The Wallowa-Whitman National forest in northeastern Oregon is one of the latest to announce the completion of their long-anticipated TMP which will be released to the public in the next couple of weeks. Forest supervisor, Monica Schwalbach, wrote in a letter to the Baker City Herald that the plan “creates a balance between providing motor vehicle-based recreation opportunities and reducing damaging effects to natural resources.”
In most forests–including the Wallowa-Whitman–driving motor vehicles and boondocking was previously allowed on all forest roads. The TMP, however, will designate those roads where driving and boondocking is permitted. If it is not permitted, it will not be allowed and a fine could result.
The TMR will also outline specific areas where boondocking (dispersed camping) is permitted. If not on the list, camping will not be permitted further than one vehicle length off the road.
Motor Vehicle Use Maps (MVUM) detailing the permitted driving and camping areas will be provided free at ranger stations and on the internet on the forests’ individual websites and it will be the responsibility of forest users to know which areas are permitted. Most closed areas will NOT be signed, so a map is necessary if using the forest.
The forest service states that most previously used boondocking/dispersed camping areas will be included on the maps unless there is serious degradation of the site and it is in the best interest of the forest to close the are until it has recovered.

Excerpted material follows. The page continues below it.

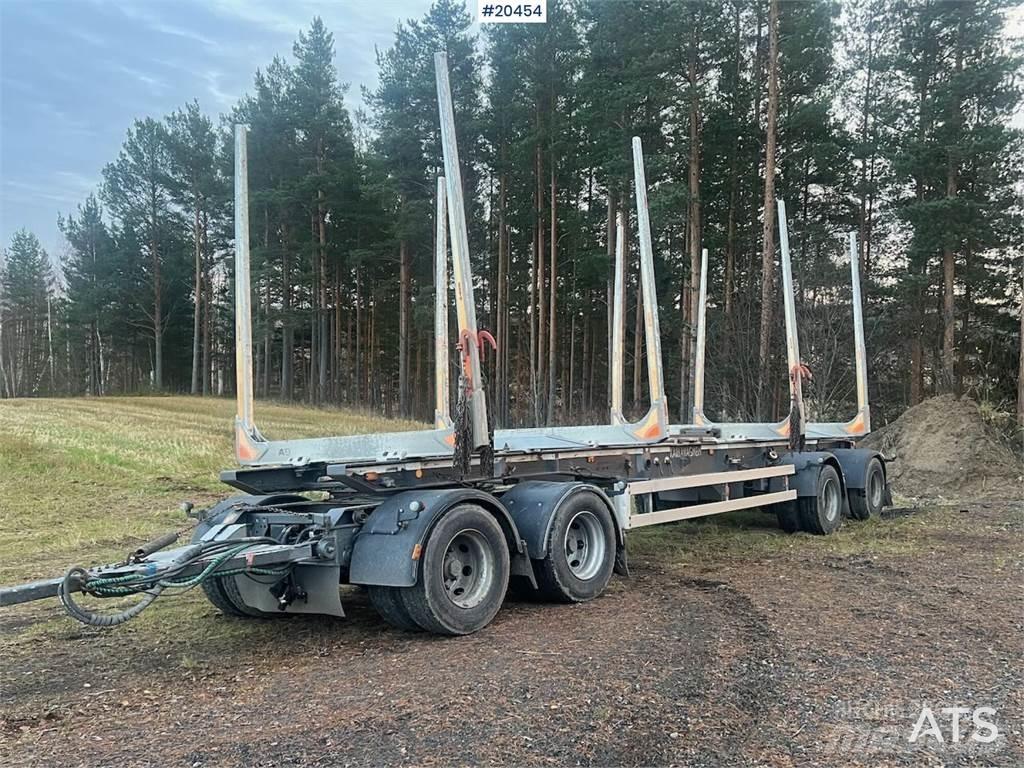  Mjølby Tømmerhenger Inne przyczepy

In addition, all legally constructed roads (most built to support fire fighting equipment, logging trucks, and cattle trucks) will be permitted, limiting most closures to roads created by hunters and off-roaders or that have been abandoned, most of which would be unfit for RVs, though are likely used by RVers towing off road vehicles.
It is immportant to obtain a map anytime you enter a national forest with the intent of driving on forest service roads or boondocking in the forests. Go into the individual website for each forest to learn more aboutn their particular TMP.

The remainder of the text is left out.